• [WHAT THE EXERCISE ASKS]
Your output should be exactly the lines from the one containing "Y can take values" through the final line of the records, both included, with every picture left out.

□ □ □ □ □

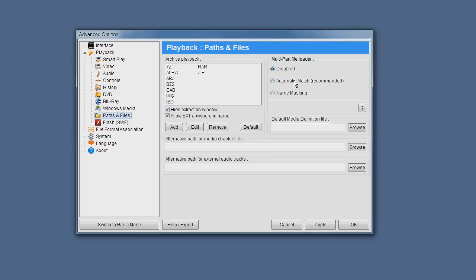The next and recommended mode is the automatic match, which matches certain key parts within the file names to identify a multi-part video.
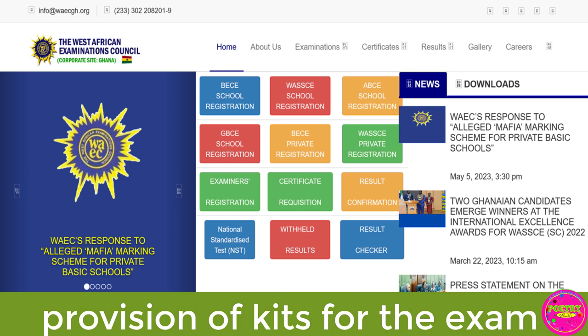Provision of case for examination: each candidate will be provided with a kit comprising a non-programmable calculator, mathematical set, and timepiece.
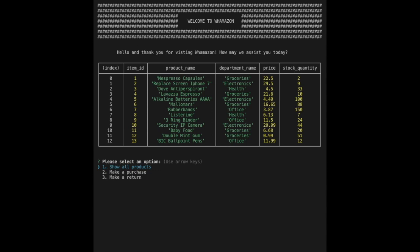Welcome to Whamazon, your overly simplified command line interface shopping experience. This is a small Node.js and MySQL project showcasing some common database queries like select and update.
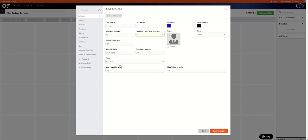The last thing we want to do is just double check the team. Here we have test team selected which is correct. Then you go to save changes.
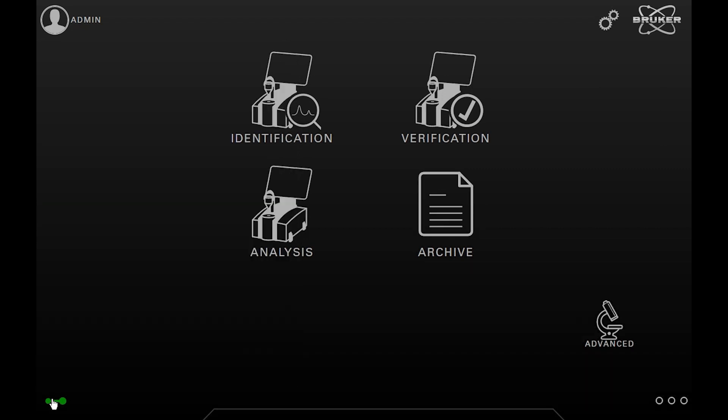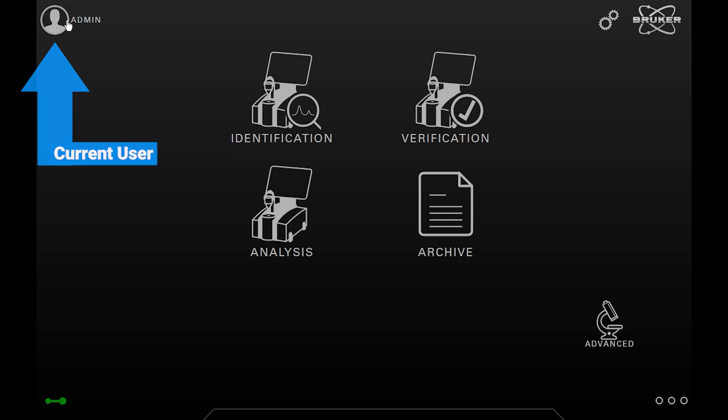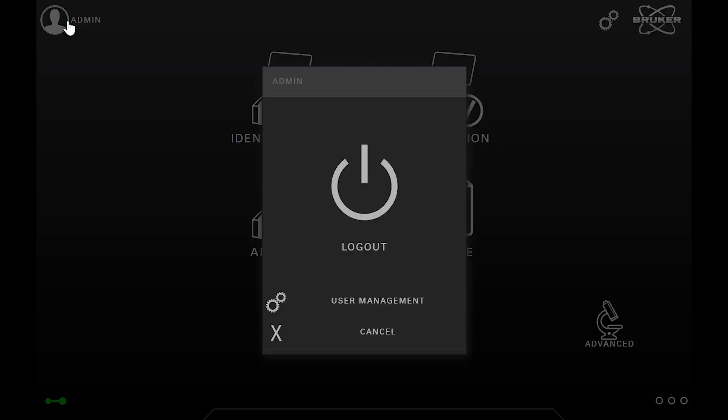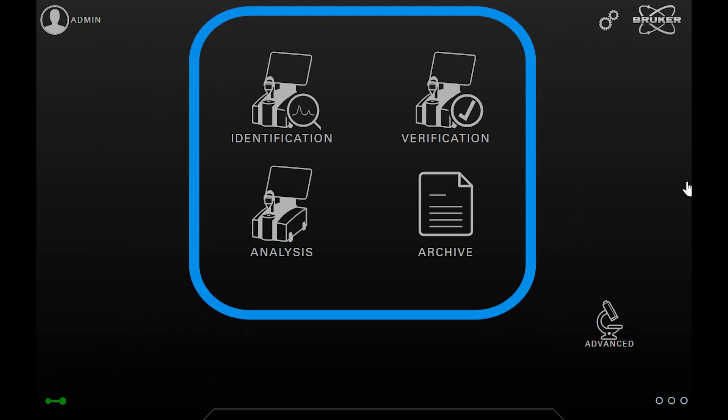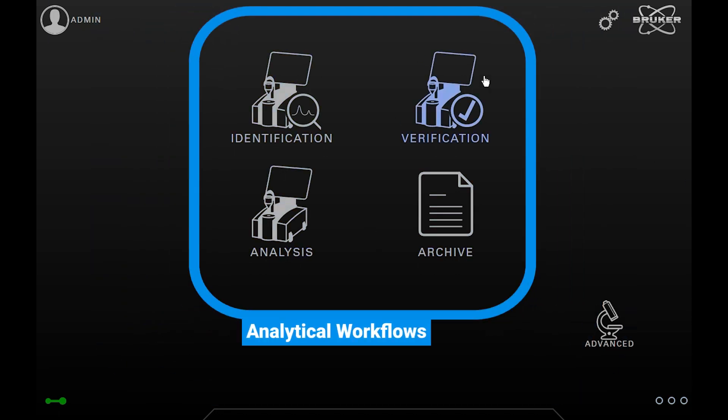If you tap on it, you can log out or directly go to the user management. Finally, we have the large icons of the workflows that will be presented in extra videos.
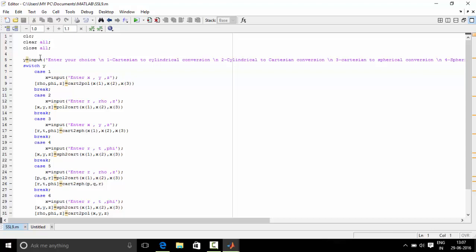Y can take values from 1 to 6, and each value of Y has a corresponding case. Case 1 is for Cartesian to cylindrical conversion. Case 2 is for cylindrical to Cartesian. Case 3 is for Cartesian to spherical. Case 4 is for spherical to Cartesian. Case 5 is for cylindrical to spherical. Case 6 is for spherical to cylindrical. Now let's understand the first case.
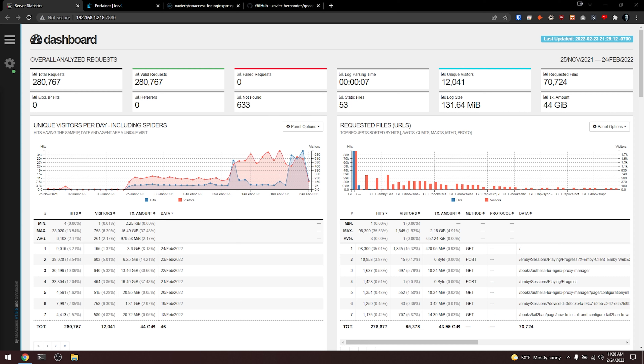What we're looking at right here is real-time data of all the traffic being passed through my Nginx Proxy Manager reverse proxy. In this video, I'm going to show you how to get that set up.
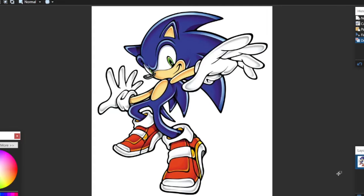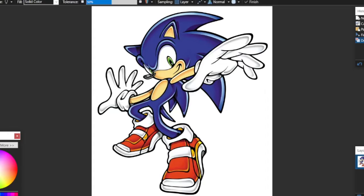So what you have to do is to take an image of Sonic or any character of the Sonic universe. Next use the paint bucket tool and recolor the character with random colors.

□ □ □ □ □

• [RESPONSE BELOW]
Y can take values from 1 to 6, and each value of Y has a corresponding case. Case 1 is for Cartesian to cylindrical conversion. Case 2 is for cylindrical to Cartesian. Case 3 is for Cartesian to spherical. Case 4 is for spherical to Cartesian. Case 5 is for cylindrical to spherical. Case 6 is for spherical to cylindrical. Now let's understand the first case.
What we're looking at right here is real-time data of all the traffic being passed through my Nginx Proxy Manager reverse proxy. In this video, I'm going to show you how to get that set up.
So what you have to do is to take an image of Sonic or any character of the Sonic universe. Next use the paint bucket tool and recolor the character with random colors.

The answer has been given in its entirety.